### [ASSIGNED TASK]
Exact copy, no pictures: return all the records as they stand.

### [SOURCE RECORDS]
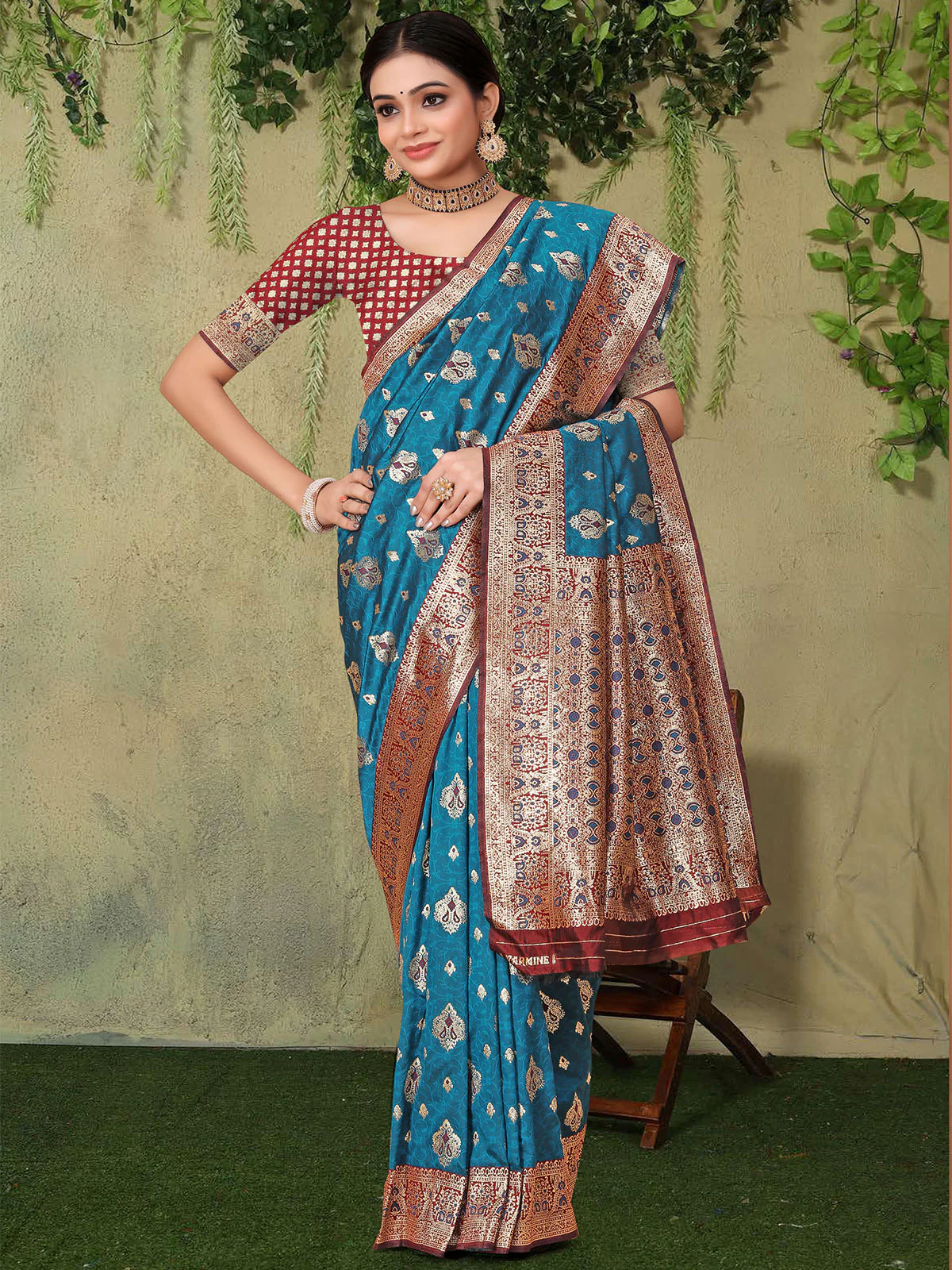Odette Blue Woven Banarasi Silk Saree With unstitched Blouse For Women - Image 3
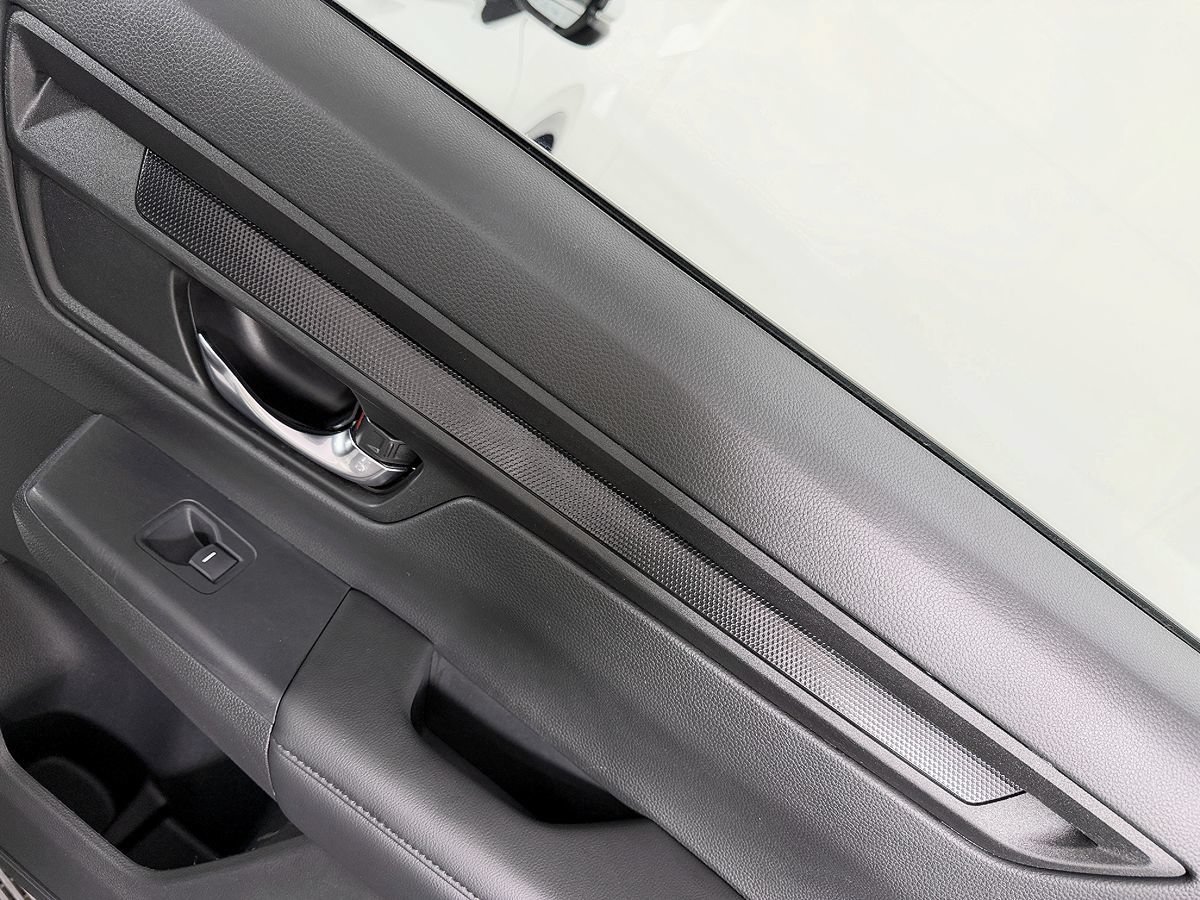 Used 2023 Honda CR-V LX image 39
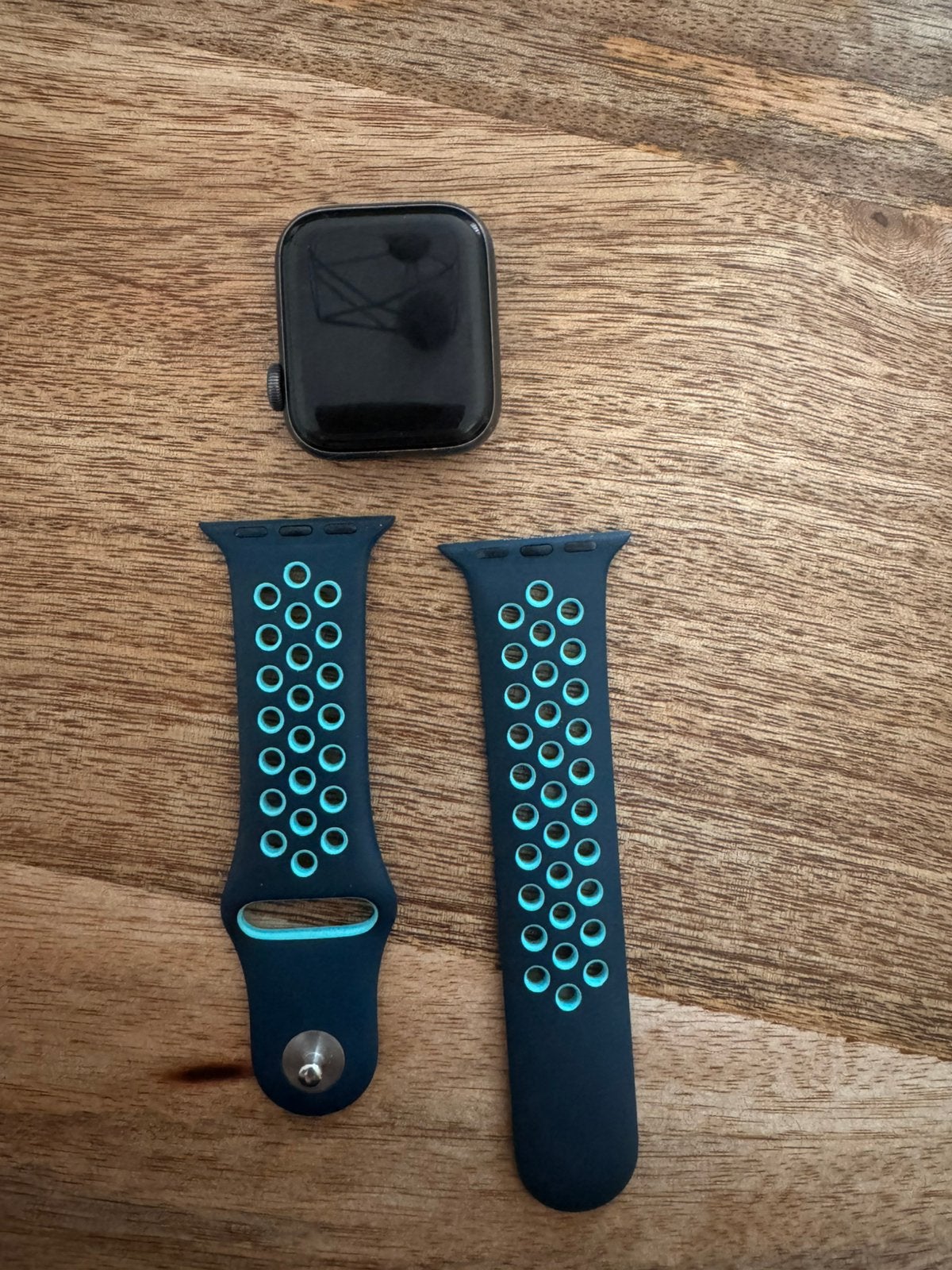 Apple watch serie 5 - Nike, Ophalen of Verzenden, Gebruikt, Zwart, IOS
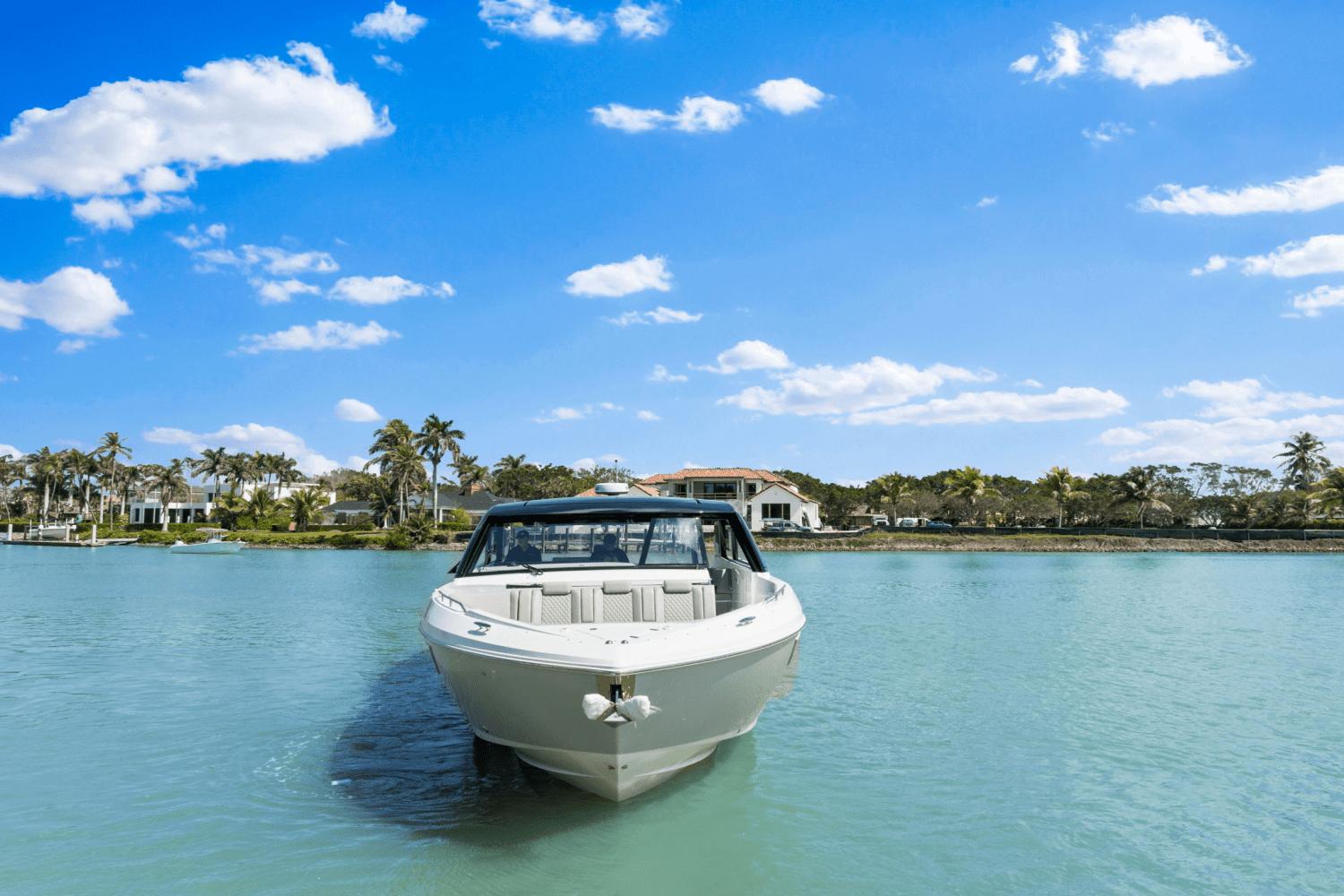2025-cruisers-yachts-50-gls-outboard-power-9622572-974797447-0-060320250702-9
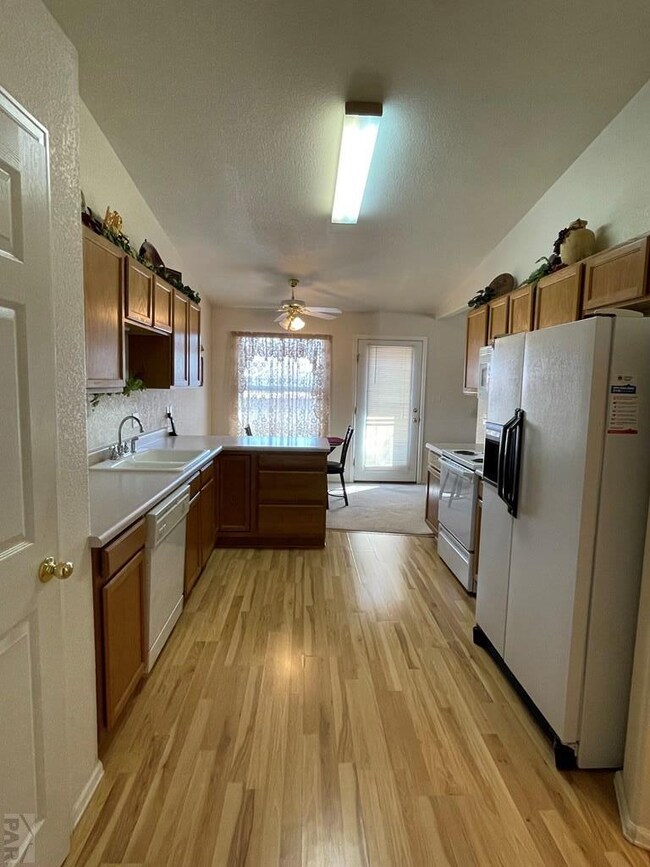 20 Nona Brooks Ct unit M, Pueblo, CO 81005 - photo 6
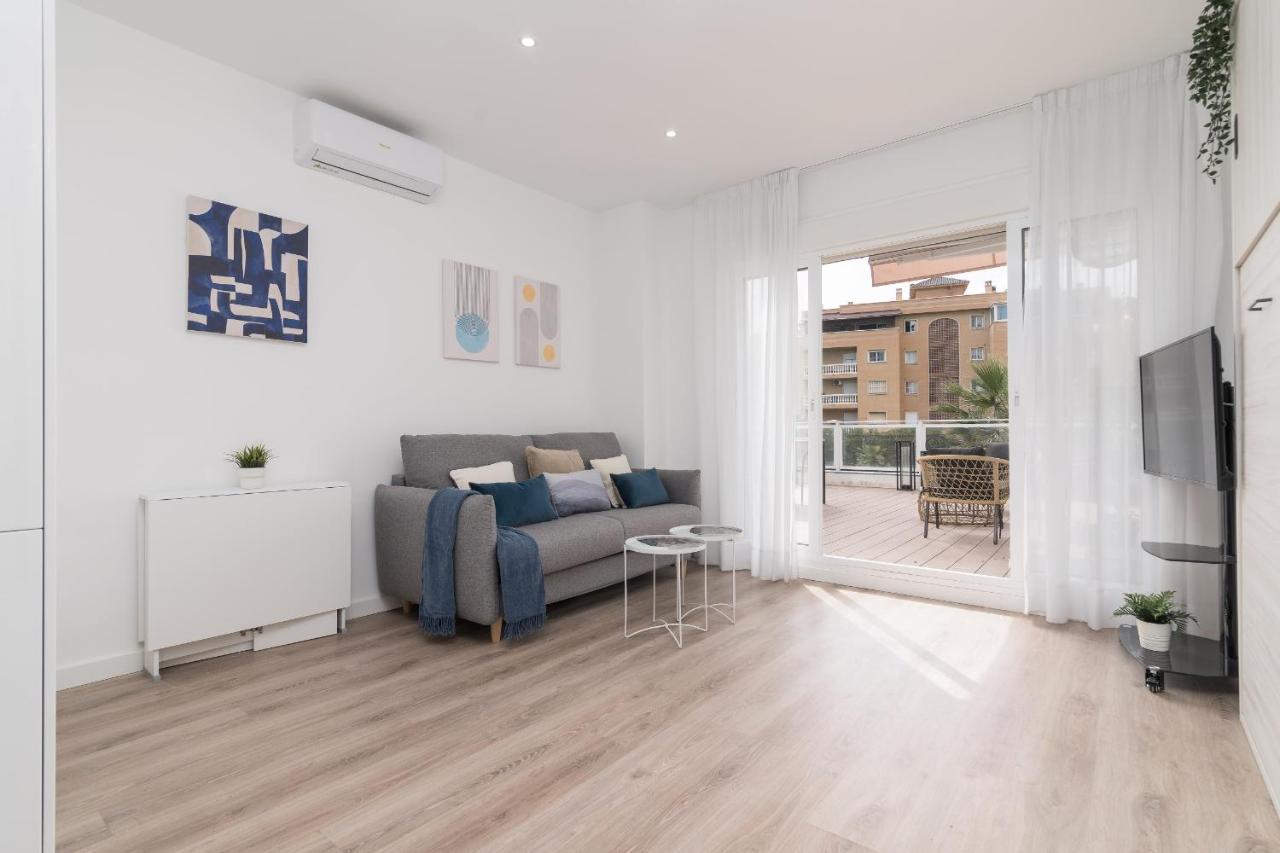 Suite Homes Hesperides Garden Beach Малага Экстерьер фото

### [WRITTEN SOLUTION]
Odette Blue Woven Banarasi Silk Saree With unstitched Blouse For Women - Image 3
 Used 2023 Honda CR-V LX image 39
 Apple watch serie 5 - Nike, Ophalen of Verzenden, Gebruikt, Zwart, IOS
2025-cruisers-yachts-50-gls-outboard-power-9622572-974797447-0-060320250702-9
 20 Nona Brooks Ct unit M, Pueblo, CO 81005 - photo 6
 Suite Homes Hesperides Garden Beach Малага Экстерьер фото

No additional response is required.